Brief descriptive captions
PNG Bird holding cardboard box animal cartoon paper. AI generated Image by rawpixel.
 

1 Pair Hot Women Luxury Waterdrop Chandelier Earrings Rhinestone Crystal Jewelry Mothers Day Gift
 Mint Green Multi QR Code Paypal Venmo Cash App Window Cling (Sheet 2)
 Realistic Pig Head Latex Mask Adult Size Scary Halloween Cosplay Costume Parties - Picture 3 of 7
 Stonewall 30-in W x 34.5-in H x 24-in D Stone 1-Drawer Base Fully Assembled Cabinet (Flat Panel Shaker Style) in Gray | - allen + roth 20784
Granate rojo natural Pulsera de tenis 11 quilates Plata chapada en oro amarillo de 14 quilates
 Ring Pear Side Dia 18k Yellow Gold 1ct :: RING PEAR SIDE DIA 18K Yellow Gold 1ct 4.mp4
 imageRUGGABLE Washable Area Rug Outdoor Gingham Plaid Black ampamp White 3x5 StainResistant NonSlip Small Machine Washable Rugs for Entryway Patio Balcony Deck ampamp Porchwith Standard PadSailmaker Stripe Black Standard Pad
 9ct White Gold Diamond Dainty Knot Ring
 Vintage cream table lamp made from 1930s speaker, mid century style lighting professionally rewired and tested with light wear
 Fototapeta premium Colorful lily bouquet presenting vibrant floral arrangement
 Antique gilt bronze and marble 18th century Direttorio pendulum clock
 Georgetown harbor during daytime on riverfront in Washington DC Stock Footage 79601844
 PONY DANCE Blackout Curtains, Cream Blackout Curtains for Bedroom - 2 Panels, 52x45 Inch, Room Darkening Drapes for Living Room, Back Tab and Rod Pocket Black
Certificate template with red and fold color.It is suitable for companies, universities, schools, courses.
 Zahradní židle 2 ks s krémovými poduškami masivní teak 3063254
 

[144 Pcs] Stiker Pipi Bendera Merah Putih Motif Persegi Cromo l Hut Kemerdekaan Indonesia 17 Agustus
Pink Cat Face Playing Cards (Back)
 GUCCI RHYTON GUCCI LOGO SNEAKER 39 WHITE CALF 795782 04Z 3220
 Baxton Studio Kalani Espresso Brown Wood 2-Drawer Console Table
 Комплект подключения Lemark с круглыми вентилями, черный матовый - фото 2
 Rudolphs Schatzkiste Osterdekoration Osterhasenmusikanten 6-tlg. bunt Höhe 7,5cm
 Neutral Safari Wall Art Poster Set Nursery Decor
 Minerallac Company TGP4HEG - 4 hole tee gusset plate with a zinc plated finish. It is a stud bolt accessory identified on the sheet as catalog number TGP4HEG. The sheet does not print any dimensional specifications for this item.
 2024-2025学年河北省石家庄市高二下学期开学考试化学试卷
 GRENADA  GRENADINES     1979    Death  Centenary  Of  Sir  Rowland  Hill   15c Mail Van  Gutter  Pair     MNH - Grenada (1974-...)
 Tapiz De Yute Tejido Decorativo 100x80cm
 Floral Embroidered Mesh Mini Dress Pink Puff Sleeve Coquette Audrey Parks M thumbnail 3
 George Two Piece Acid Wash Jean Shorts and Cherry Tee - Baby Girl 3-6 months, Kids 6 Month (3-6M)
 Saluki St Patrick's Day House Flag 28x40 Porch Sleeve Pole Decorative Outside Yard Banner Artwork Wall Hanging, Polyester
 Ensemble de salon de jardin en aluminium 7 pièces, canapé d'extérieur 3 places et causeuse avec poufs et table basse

* _Exercise requirements_:
What you give back should be exactly the lines of the data above from the line with "2024-2025学年河北省石家庄市高二下学期开学考试化学试卷" through the line with "George Two Piece", both of those included, and nothing more.

* _Completed task_:
 2024-2025学年河北省石家庄市高二下学期开学考试化学试卷
 GRENADA  GRENADINES     1979    Death  Centenary  Of  Sir  Rowland  Hill   15c Mail Van  Gutter  Pair     MNH - Grenada (1974-...)
 Tapiz De Yute Tejido Decorativo 100x80cm
 Floral Embroidered Mesh Mini Dress Pink Puff Sleeve Coquette Audrey Parks M thumbnail 3
 George Two Piece Acid Wash Jean Shorts and Cherry Tee - Baby Girl 3-6 months, Kids 6 Month (3-6M)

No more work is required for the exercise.